• [What to produce]:
Set down word for word each line from the one containing "New slim-fit straight-leg" through the end of the records, both included. Do not copy any pictures.

═══ Material provided

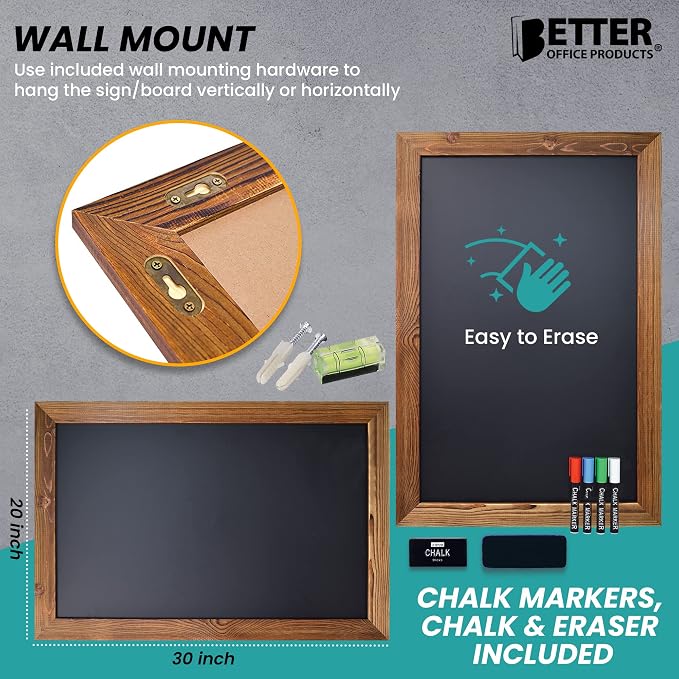Better Office Products Magnetic Chalkboard, 20x30 Rustic Wood Frame Chalkboard - Image 3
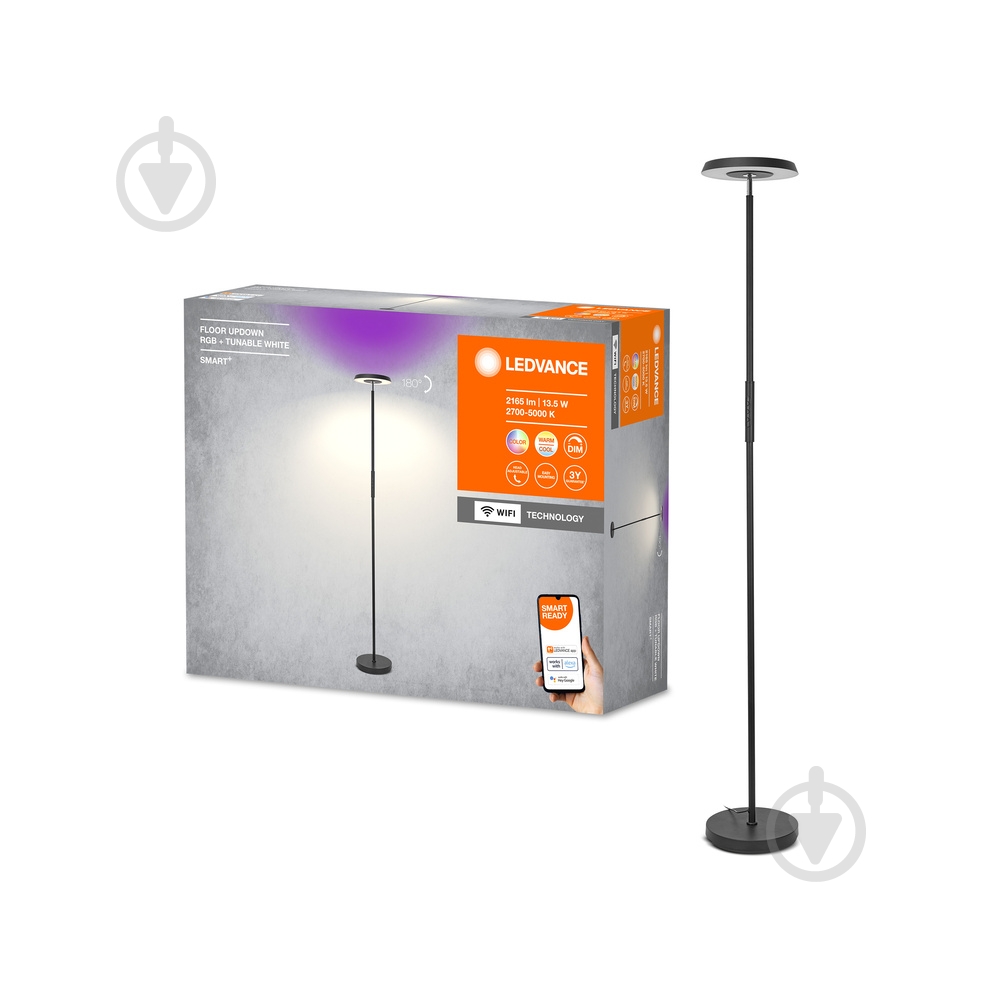 Торшер Ledvance FLOOR UPDOWN SMART Wi-Fi 24 Вт черный - фото 1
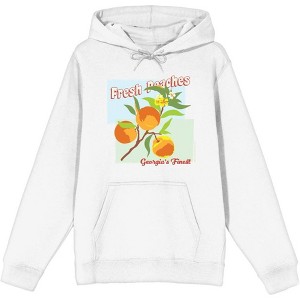 Natural World Fresh Peaches Georgia's Finest Adult Long Sleeve Hoodie - 1 of 2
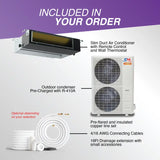 White outdoor mini split condenser unit with two fans and ch-trvice logo for cooper hunter r454b slim duct system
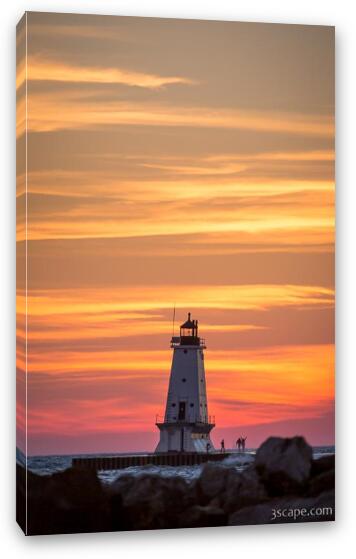 Beautiful Ludington Lighthouse Sunset Fine Art Canvas Print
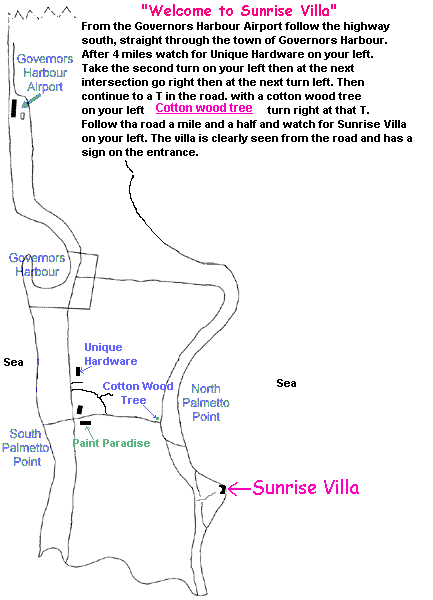 directions from airport to Sunrise Villa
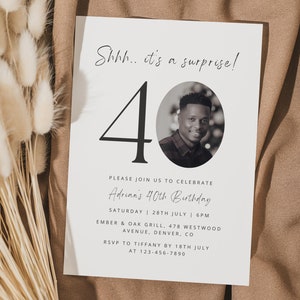 Editable Surprise 40th Birthday Invitation Template, Forty Surprise Birthday Invite, Digital Download, Minimalist Invite, Male Female 40th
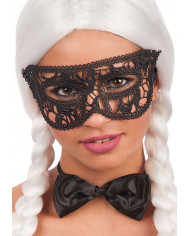 Maschera domino nero in tessuto macrame', per adulto, Ã¨ un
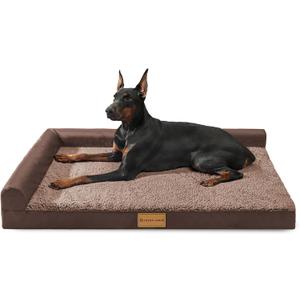 Patas Lague Orthopedic XL Dog Bed Large Sized Dog 48''X30'', Waterproof L Bolster Big Large Pet Sofa Beds with Removable Washable Cover, Soft Comfortable Pet Couch Crate Mat with Nonskid Bottom, Brown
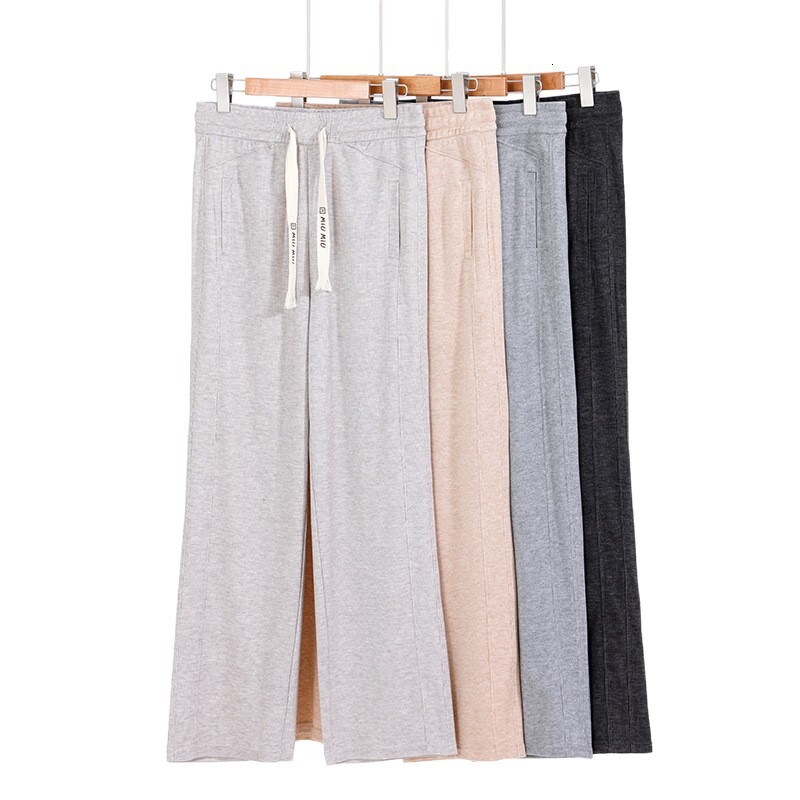 New slim-fit straight-leg pants for spring and summer, casual drawstring versatile wide-leg breathable women's long pants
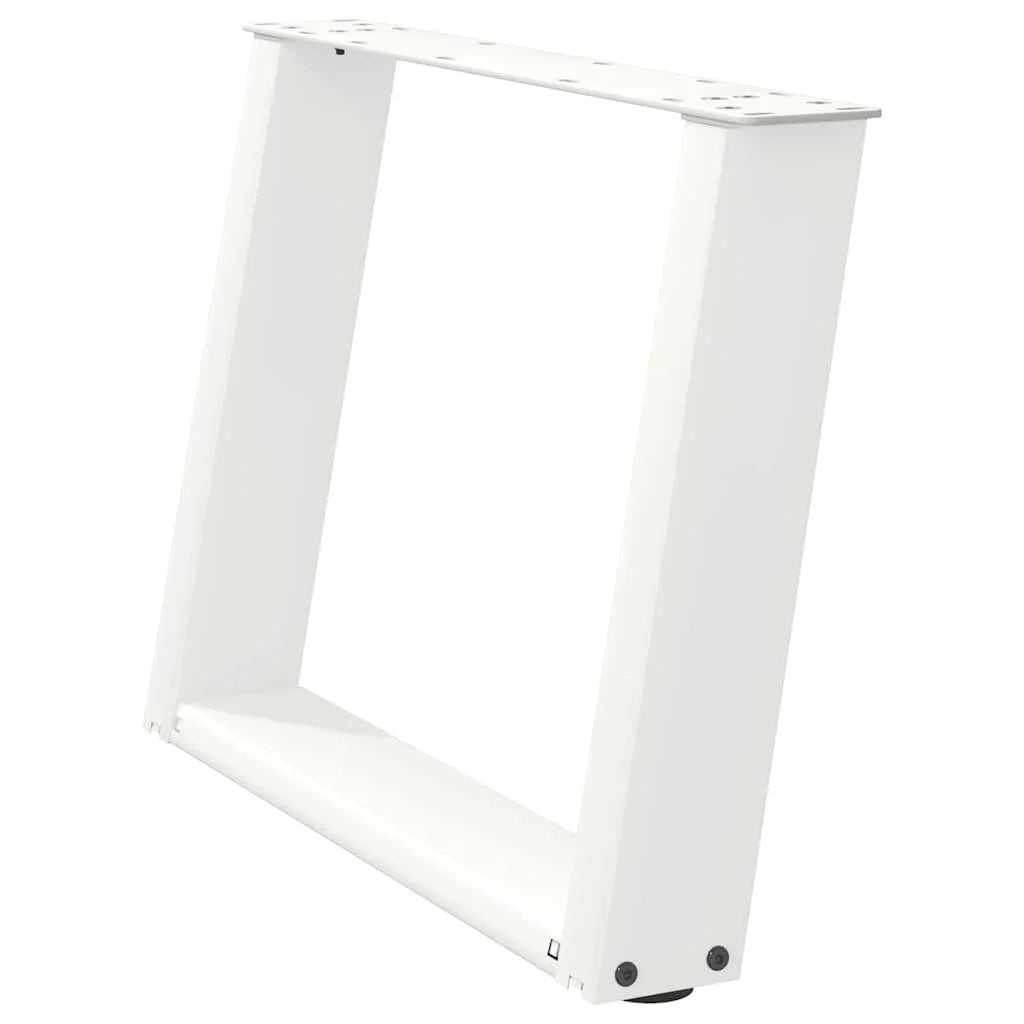 Set di 2 gambe per tavolino da caffè a forma di U dal design moderno 70 x 42-43 cm con piedini livellatori in acciaio bianco 02_0057057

══════

• [Worked solution]:
 New slim-fit straight-leg pants for spring and summer, casual drawstring versatile wide-leg breathable women's long pants
 Set di 2 gambe per tavolino da caffè a forma di U dal design moderno 70 x 42-43 cm con piedini livellatori in acciaio bianco 02_0057057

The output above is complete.